The Niti Aayog has recommended, in the draft of a new energy policy, that the seven units of state-controlled Coal India Ltd be split into independent companies to make them more competitive, Reuters reported on Wednesday.
“We must corporatise the seven subsidiaries of CIL into independent companies and allow them to compete against one another in an open coal market,” said the Draft Energy Policy report, according to Business Standard.
The government think tank has proposed that fresh coal production in India should come from private sector mines. It also called for reforms in allocating coal blocks to independent companies specialising in coal mining. The splitting up of Coal India and change in the system of allocating coal blocks will reduce prices, the Niti Aayog said, and make India a net exporter of coal.
Coal India officials were not available for comment on Niti Aayog’s proposal. However, Baij Nath Rai, president of Bharatiya Mazdoor Sangh [the labour wing of the Rashtriya Swayamsevak Sangh] said that the union was opposed to the proposals.
The proposal to split up Coal India was made earlier in 2014, but the government backed down because of union protests.

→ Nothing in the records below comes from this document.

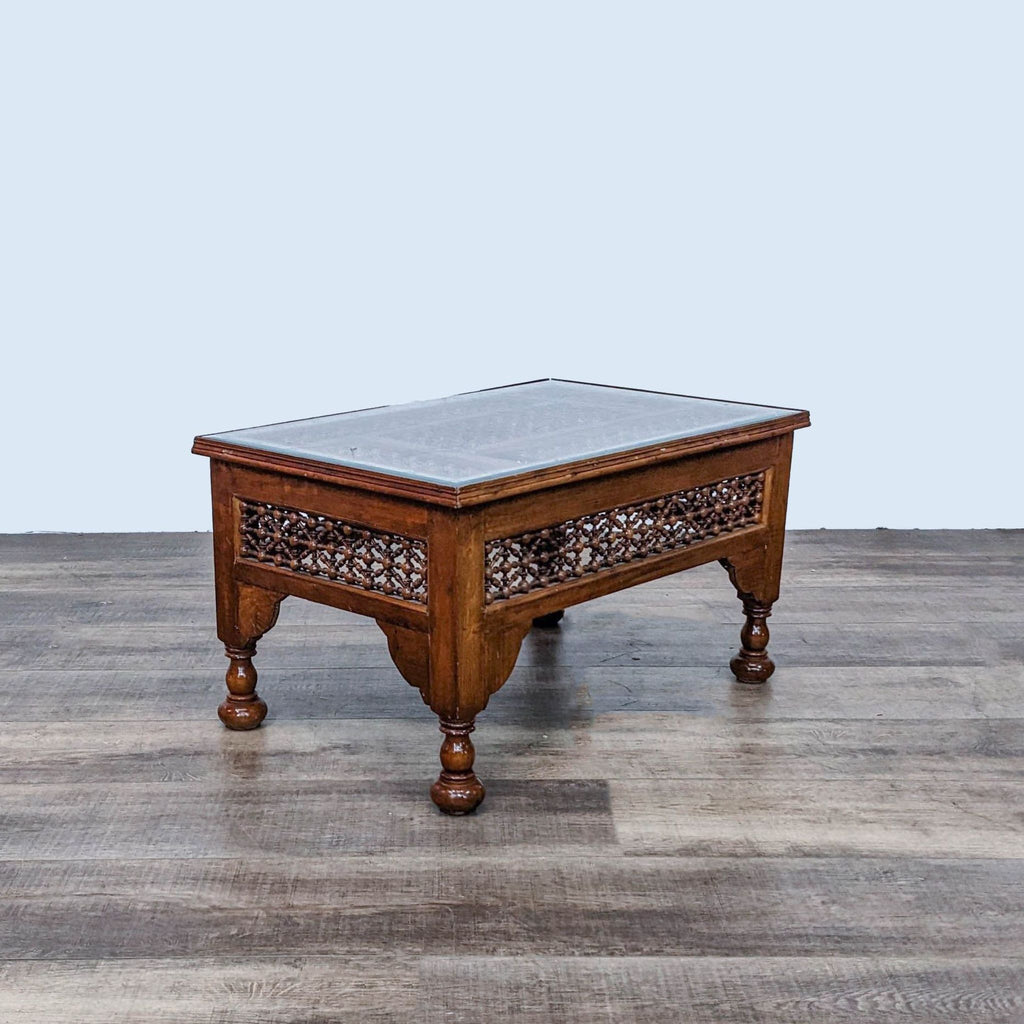 2. Frontal view of a wooden Reperch coffee table with carved mashrabiya design and mother-of-pearl details, on a wood-patterned floor.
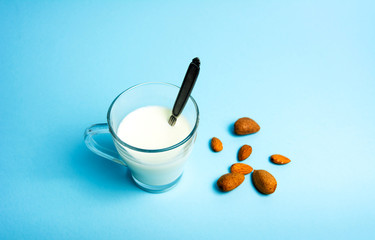 Almond milk in a glass against blue background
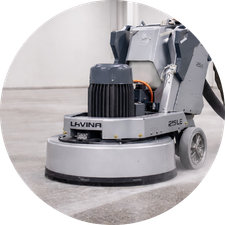 Floor grinding machine smoothing concrete surface, featuring prominent circular base, industrial wheels, and a sleek design for efficient operation.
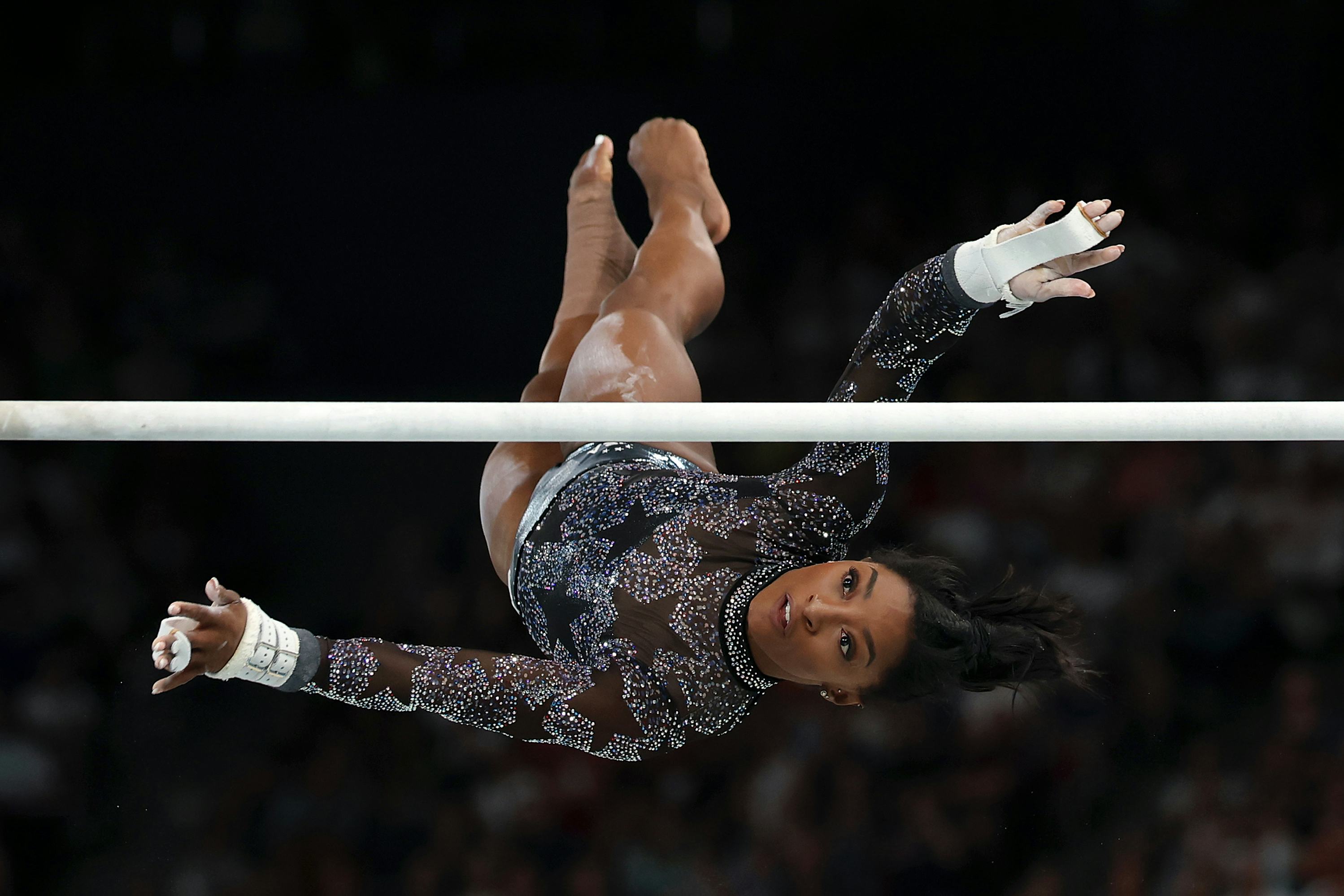 Simone Biles of Team USA competes on the uneven bars.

Niti Aayog has also recommended the separation of the ownership of the power distribution companies from the respective state governments. “It needs to be ensured that that electricity distribution is subject to commercial pressure. This can be achieved by separating the distribution of electricity from ownership of the distribution grid,” said the report. This, it said, would give the consumer freedom to choose their electricity distributor as a result of market competition between distributors.
But the India Energy Security Scenario, an in-house tool of the Draft Energy Policy, has predicted that renewable technologies, storage solutions, smart grids and knowledgeable consumers will dominate the Indian market in future.